Work required: Print exactly the lines from the line with "Man Statue 3 Modello 3D" to the last line of the data, please, both included.

Exercise materials:
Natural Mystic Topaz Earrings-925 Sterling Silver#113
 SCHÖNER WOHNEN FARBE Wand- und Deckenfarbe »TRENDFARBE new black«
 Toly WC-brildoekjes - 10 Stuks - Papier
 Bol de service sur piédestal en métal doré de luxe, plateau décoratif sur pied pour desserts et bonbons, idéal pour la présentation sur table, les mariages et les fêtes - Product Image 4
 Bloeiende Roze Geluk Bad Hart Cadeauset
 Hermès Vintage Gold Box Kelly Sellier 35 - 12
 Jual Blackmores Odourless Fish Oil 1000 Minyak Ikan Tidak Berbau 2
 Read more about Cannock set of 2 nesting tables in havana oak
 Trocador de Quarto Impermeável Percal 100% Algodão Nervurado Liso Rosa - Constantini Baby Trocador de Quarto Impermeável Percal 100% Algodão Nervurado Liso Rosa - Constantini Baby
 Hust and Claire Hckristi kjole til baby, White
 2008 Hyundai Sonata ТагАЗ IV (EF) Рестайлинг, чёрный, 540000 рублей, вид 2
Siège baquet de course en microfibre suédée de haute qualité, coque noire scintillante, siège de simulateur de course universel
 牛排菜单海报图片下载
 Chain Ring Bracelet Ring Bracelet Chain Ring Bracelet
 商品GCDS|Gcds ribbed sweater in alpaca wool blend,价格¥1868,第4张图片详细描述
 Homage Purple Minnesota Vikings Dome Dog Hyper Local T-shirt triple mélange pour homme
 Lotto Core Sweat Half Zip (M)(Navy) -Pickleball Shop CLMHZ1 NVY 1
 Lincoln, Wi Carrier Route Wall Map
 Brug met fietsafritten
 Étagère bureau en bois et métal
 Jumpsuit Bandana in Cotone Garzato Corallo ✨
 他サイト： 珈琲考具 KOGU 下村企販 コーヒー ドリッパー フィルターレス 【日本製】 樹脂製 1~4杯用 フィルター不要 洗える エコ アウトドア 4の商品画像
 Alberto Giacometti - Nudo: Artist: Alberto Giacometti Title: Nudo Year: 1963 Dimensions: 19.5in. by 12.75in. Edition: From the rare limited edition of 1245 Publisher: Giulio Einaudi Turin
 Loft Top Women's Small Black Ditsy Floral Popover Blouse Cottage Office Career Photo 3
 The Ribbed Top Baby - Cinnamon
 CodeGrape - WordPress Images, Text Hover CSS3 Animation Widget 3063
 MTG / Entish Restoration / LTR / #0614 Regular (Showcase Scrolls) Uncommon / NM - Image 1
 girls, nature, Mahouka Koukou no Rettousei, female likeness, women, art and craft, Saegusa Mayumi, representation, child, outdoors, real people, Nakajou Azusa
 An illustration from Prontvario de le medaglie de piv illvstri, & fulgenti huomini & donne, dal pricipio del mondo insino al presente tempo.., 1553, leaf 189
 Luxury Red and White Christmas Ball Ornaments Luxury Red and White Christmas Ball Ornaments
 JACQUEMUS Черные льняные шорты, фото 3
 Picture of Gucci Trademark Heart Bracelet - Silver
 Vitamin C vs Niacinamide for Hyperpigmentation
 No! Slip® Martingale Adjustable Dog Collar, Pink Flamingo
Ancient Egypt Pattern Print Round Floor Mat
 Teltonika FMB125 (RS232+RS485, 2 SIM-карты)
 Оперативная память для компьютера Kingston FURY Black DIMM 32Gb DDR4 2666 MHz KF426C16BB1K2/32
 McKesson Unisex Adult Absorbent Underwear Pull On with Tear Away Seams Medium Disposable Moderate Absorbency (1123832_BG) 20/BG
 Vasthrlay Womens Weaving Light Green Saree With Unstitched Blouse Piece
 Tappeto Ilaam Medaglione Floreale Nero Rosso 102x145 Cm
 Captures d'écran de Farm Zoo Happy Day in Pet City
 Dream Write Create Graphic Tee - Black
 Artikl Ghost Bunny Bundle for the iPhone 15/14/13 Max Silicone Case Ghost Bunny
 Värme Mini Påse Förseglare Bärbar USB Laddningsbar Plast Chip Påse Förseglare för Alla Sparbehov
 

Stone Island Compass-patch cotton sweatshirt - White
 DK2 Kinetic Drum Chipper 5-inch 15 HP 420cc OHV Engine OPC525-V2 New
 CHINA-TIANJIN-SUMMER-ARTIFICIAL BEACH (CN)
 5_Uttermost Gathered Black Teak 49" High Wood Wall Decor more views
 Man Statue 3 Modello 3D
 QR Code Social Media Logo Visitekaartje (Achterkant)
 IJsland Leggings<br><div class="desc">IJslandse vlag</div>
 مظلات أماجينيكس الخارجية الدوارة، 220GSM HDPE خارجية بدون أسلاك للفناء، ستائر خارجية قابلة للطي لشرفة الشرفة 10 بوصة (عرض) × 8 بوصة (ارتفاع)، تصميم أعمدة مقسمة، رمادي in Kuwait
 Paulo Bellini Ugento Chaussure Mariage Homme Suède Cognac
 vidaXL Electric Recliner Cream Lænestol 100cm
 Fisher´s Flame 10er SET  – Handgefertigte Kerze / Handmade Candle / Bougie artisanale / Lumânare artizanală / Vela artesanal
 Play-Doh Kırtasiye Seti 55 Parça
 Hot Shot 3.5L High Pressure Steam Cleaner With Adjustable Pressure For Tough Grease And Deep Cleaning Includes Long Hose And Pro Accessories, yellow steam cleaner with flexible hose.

Written solution:
 Man Statue 3 Modello 3D
 QR Code Social Media Logo Visitekaartje (Achterkant)
 IJsland Leggings<br><div class="desc">IJslandse vlag</div>
 مظلات أماجينيكس الخارجية الدوارة، 220GSM HDPE خارجية بدون أسلاك للفناء، ستائر خارجية قابلة للطي لشرفة الشرفة 10 بوصة (عرض) × 8 بوصة (ارتفاع)، تصميم أعمدة مقسمة، رمادي in Kuwait
 Paulo Bellini Ugento Chaussure Mariage Homme Suède Cognac
 vidaXL Electric Recliner Cream Lænestol 100cm
 Fisher´s Flame 10er SET  – Handgefertigte Kerze / Handmade Candle / Bougie artisanale / Lumânare artizanală / Vela artesanal
 Play-Doh Kırtasiye Seti 55 Parça
 Hot Shot 3.5L High Pressure Steam Cleaner With Adjustable Pressure For Tough Grease And Deep Cleaning Includes Long Hose And Pro Accessories, yellow steam cleaner with flexible hose.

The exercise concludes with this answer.